大船渡市長選/11月18日告示 25日投票、選管が日程決める

▲ 震災後2回目となる市長選の日程が決定=大船渡町

 大船渡市選挙管理員会(崎山陽一委員長、委員4人)は13日、市役所で定例会を開き、任期満了に伴う同市長選の日程を「11月18日(日)告示、25日(日)投票」と決めた。現在、表明順に新人で元参議院議員の藤原良信氏(66)=日頃市町=と、2期目の現職・戸田公明氏(68)=猪川町=が出馬の意向を示しており、競争選挙となる公算が大きくなっている。

 

競争選挙の公算大


 市長選は12月2日(日)の任期満了に伴うもので、昭和27年の市制施行から数えると通算19回目。三陸町との合併後は5回目、東日本大震災発生以降は2回目となる。

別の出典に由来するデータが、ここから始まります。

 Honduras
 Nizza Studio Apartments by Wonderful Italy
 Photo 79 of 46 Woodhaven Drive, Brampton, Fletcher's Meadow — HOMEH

任期満了日が12月2日となった同61年以降の市長選を振り返ると、いずれも11月中旬~下旬に告示・投票の日程が組まれてきた。
 今回の市長選をめぐっては、2月中旬に藤原氏が「今までの国、県との関係を地域に還元し、発展につなげていきたい」と立候補を表明。同月下旬には、戸田氏が「復興の完遂と、持続可能なまちづくりへ橋渡しを」と3選を目指す意向を示した。
 藤原氏は衆議院議員秘書を経て、県議選に昭和62年から連続5期当選。平成15~17年には議長を務めた。19年の参院選に初当選。25年に再選を目指したが落選した。
 戸田氏は大手建設会社での勤務後、18年の市長選に立候補するも落選。再挑戦した22年の市長選で初当選し、26年の前回選では新人候補を破って再選を果たした。
 すでに2人が出馬への意思を固めており、今選挙も競争選挙となる公算が大きい。現在のところ、この2人のほかに起意表明や候補擁立への表だった動きはみられていない。
 東日本大震災で甚大な被害を受けた大船渡市。発災後は市復興計画に基づいた約260の事業に取り組み、昨年9月末現在で約8割が完了、または目標を達成した状況となっている。
 災害公営住宅の建設や、防災集団移転促進事業の宅地整備などは完了。本年度内には、大船渡町の大船渡駅周辺地区で進む土地区画整理事業の基盤整備も終了する見込みだ。
 住まいの再建やハード面での整備が着実な進展を見せる一方、被災者の暮らし再生や心のケア、被災跡地の利活用といった重要課題も残る。また、少子高齢化や人口減少、復興事業収束後における経済振興、市民所得の向上と維持、国際リニアコライダー(ILC)の北上山地への誘致促進など、対策が求められる問題も山積している。
 選挙戦では、震災からのさらなる復興を進めるとともに、復興後におけるまちづくりの方向性が問われる。また、震災前から抱える人口減少などに対する具体的な施策も必要となる。
 今回は、選挙権年齢が18歳に引き下げられて初めての市長選。投票日までに誕生日を迎えた高校生らも一票を投じることができる。
 今年3月1日現在の有権者数は、3万2150人(男1万5287人、女1万6863人)。前回選投票時(20歳以上)と比べて268人少ない。